Glutathione Peroxide and Glutathione to Disulfide Glutathione Ratio in Presbycusis: a Case-control Study.

Background: Presbycusis is a gradual hearing loss caused by the ageing process. This is a chronic condition that affects the elderly population, and sensorineural progressive bilateral symmetry occurs with predominantly high-frequency hearing loss. The ability to discriminate speech decreases; hence, most of the affected patients have conversation problems, especially in noisy environments.This situation is a serious problem among elderly individuals. Social isolation, depression, and paranoia can be related to presbycusis. Objective: The aim of this study was to investigate GPx and the GSH:GSSG ratio as risk factors for presbycusis.
Methods: A case-control study was conducted to determine the role of GPx activity with the GSH:GSSG ratio as a presbycusis risk factor in 60 subjects aged 55 to 75 years old during the period of August 2012 - April 2014. All of the subjects passed an ENT examination, pure tone audiometry, and tympanometry. The activity of GPx was measured with the Paglia and Valentine method, and the GSH:GSSG ratio was measured by the calorimetric method.
Results: The activity of GPx and the GSH:GSSG ratio were significantly different between the groups (p<0.05), and the odds ratio for high GPx with a low GSH:GSSG ratio was 135 (CI 95%: 5.17-20,028.88).
Conclusion: High GPx activity with a low GSH:GSSG ratio is a risk factor for presbycusis.

BACKGROUND

The World Health Organization (WHO) has already made recommendations for developing countries regarding the priority of treating hearing loss, including hearing loss caused by chronic otitis media, noise, ototoxic drugs, congenital conditions, and hearing loss during ageing (presbycusis) (1).

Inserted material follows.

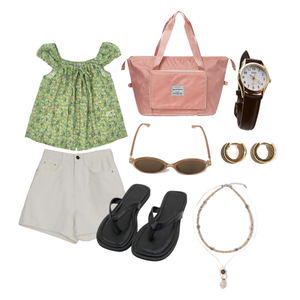 Pretty,Shortpants,Shirt,Cute,Daillylook,spring,blouse,sandals,sunglasses,necklace,chic 코디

Presbycusis is a gradual hearing loss caused by the ageing process (2). This is a chronic condition that affects the elderly population (1) and sensorineural progressive bilateral symmetry occurs with predominantly high-frequency hearing loss. The ability to discriminate speech decreases; hence, most of the affected patients have conversation problems, especially in noisy environments (1). This situation is a serious problem among elderly individuals. Social isolation, depression, and paranoia can be related to presbycusis (3).

The free radical theory postulated by Harman is the most widely hypothesized theory explaining the ageing process, and this theory is also believed to be the basis of hearing loss during ageing (presbycusis) (4). This theory states that ageing is based on progressive oxidative processes as a consequence of damage by free radicals at the cellular level and an imbalance between free radical production and defence against antioxidants, which would induce damage to the cell structure and integrity. Mitochondria, as a cell’s energy resources, are the primary source of free radicals. The primary target of free radicals is unsaturated fatty acids on cell membranes, which cause fat peroxidation and malondialdehyde formation and could damage the structure and function of the cell nuclei. In addition, these products could induce mitochondrial DNA mutations, and these mutations are related to cellular and tissue dysfunction and death (5). The direct defence mechanism against free radicals eliminates free radicals or converts the aggressive radicals to less aggressive forms (6) which are both accomplished by antioxidants. In the cochlea, free radicals are controlled by superoxide dismutase (SOD), catalase (CAT), and glutathione peroxidase (GPx). Glutathione peroxidase also oxidizes the glutathione (GSH) to glutathione reductase (GSSG) reaction and vice versa; thus, GPx is an enzyme that plays a significant role in the cycle and homeostasis of GSH, the main antioxidant that maintains mitochondrial viability (4-5). In the vascular stria and organ of Corti, there is high activity of SOD, CAT, and GPx. In the lateral wall, GSH immunoreactivity is distributed to basal cells and intermediate cells of the vascular stria, similar to fibrocytes and spiral ligament capillary endothelial cells (4, 7, 8).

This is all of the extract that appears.